Pallia­tiv­me­dizin: Interview mit Palliativ-Medizi­nerin Dr. med Nina-Kristin Eulitz

Es schmerzt, wenn der soziale Tod dem physi­schen vorausgeht

Ärztin Dr. Nina-Kristin Eulitz über Pallia­tiv­me­dizin und die Bedürfnisse sterbender Menschen 

Der Artikel ist erschienen: Mittwoch, 25. Mai 2022, Wolfhager Allgemeine/30. Mai 2022 HNA Kassel
Autorin:
Antje Thon

Kassel – Seit April 2021 gibt es am Marienkrankenhaus Kassel die Pallia­tiv­me­dizin. Mit deren Leiterin Dr. Nina-Kristin Eulitz sprach HNA-Redak­teurin Antje Thon.

Frau Dr. Eulitz, worum geht es bei einer pallia­tiven Behandlung?

Dr. med. Nina-Kristin Eulitz

In unser Pallia­tiv­me­di­zi­ni­sches Zentrum im Marienkrankenhaus Kassel kommen Menschen, die an einer lebens­li­mi­tie­renden, fortschrei­tenden Erkrankung leiden, die so weit fortge­schritten ist, dass die damit einher­ge­henden Symptome den Alltag der Erkrankten und deren soziales Umfeldes schwer beein­träch­tigen.
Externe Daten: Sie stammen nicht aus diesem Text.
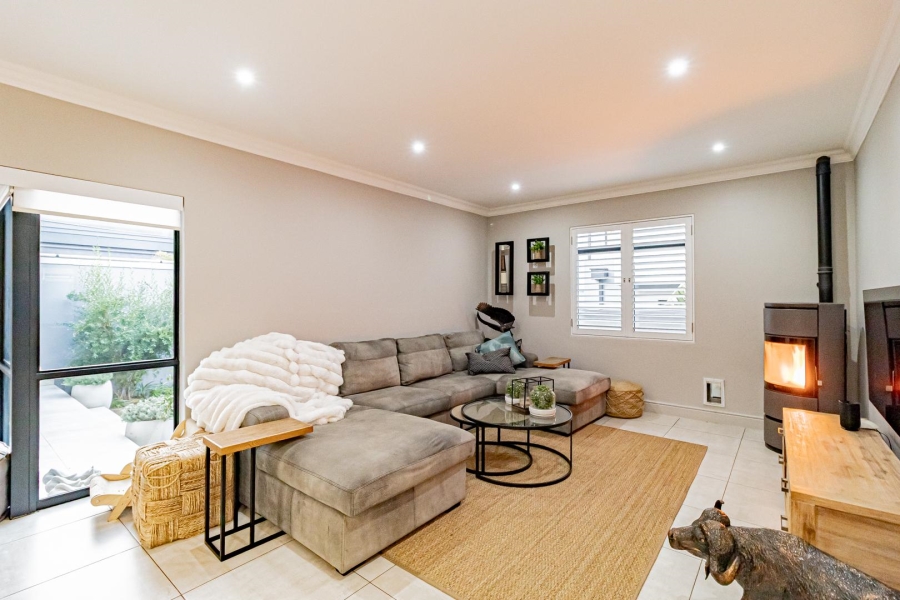 4 Bedroom Property for Sale in Broadacres Gauteng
Unsere Aufgabe ist es, alle belas­tenden Symptome – wie z. B. Schmerzen, Übelkeit, Atemnot, aber auch schwere Schlaf­stö­rungen oder Ängste – zu behandeln, damit diese verschwinden oder erträglich werden.
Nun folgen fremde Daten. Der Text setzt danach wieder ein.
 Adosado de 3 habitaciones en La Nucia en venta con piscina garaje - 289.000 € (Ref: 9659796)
Was unter­scheidet ein Hospiz von der Palliativmedizin?

Die Unter­schiede liegen in der Besetzung und der thera­peu­ti­schen Ausrichtung. In einem Hospiz wird die Versorgung durch Palliative-Care-Fachpfle­ge­kräfte geleistet, die durch Ehren­amt­liche unterstützt werden. Bei den versorgten Menschen sind lebens­ver­län­gernde Therapien abgeschlossen. Der Fokus liegt auf Symptom­kon­trolle. Auf einer Pallia­tiv­station arbeiten Palliative-Care-Fachpfle­ge­kräfte mit Ärzten, Psycho­logen, Seelsorgern, Physio­the­ra­peuten, Sozial­ar­beitern, Musik­the­ra­peuten, um in einem ganzheit­lichen Zugang einen Weg zu finden, belas­tende Symptome möglichst rasch zu kontrol­lieren. Dazu werden alle Möglich­keiten der modernen Medizin genutzt. Eine Pallia­tiv­station ist ein Ort der Krisen­in­ter­vention. Der überwiegende Teil der Krisen kann überwunden werden, sodass die Betrof­fenen in ihr Lebens­umfeld zurückkehren können. Ist dies nicht mehr möglich, wird die Pallia­tiv­station zum Ort der Sterbebegleitung.

Was könnten die Gründe dafür sein, dass Betroffene vor einer pallia­tiven Betreuung zurückscheuen?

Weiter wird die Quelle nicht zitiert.